Print the data exactly as written, line for line, and leave its pictures behind.

[Brief descriptive captions]
═══

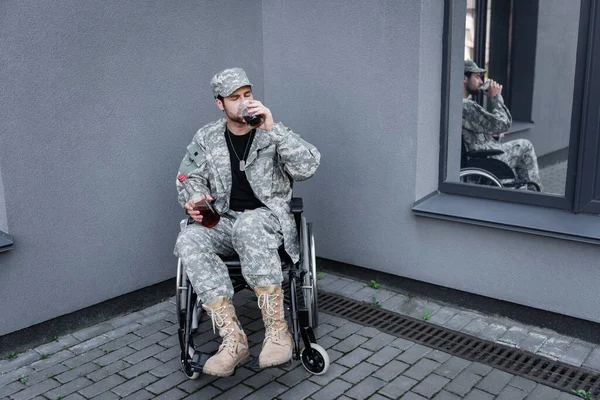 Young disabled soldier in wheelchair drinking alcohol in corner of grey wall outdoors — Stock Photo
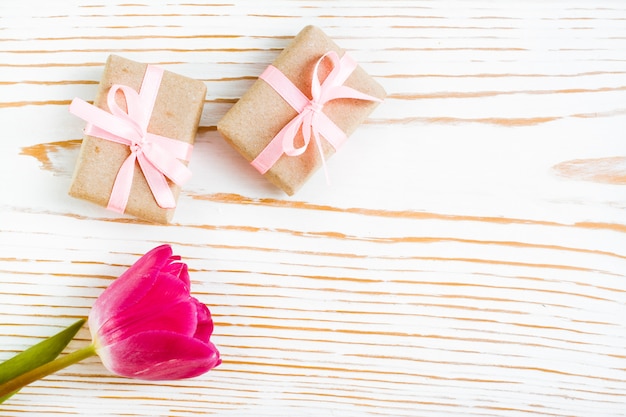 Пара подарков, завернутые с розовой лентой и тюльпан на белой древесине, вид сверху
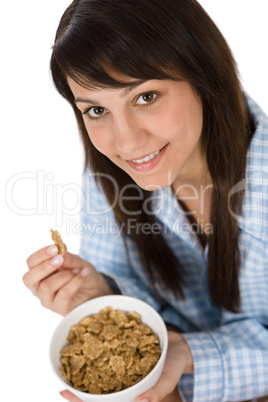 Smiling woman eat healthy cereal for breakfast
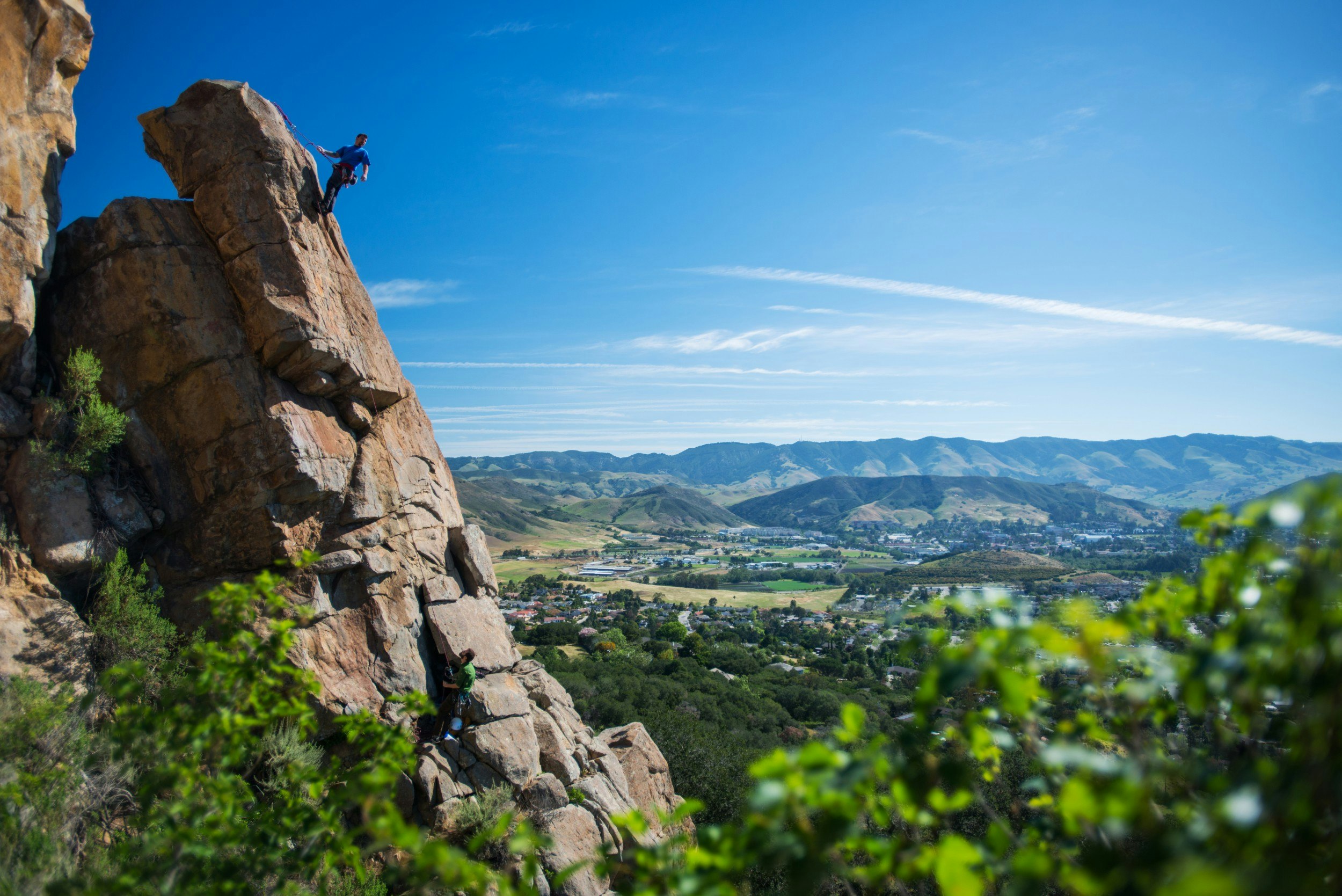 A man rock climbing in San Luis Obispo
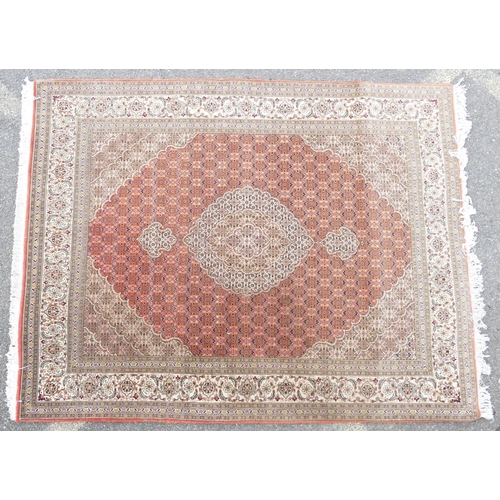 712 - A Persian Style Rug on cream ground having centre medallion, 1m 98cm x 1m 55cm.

═══

__YOUR RESPONSE__
 Young disabled soldier in wheelchair drinking alcohol in corner of grey wall outdoors — Stock Photo
 Пара подарков, завернутые с розовой лентой и тюльпан на белой древесине, вид сверху
 Smiling woman eat healthy cereal for breakfast
 A man rock climbing in San Luis Obispo
 712 - A Persian Style Rug on cream ground having centre medallion, 1m 98cm x 1m 55cm.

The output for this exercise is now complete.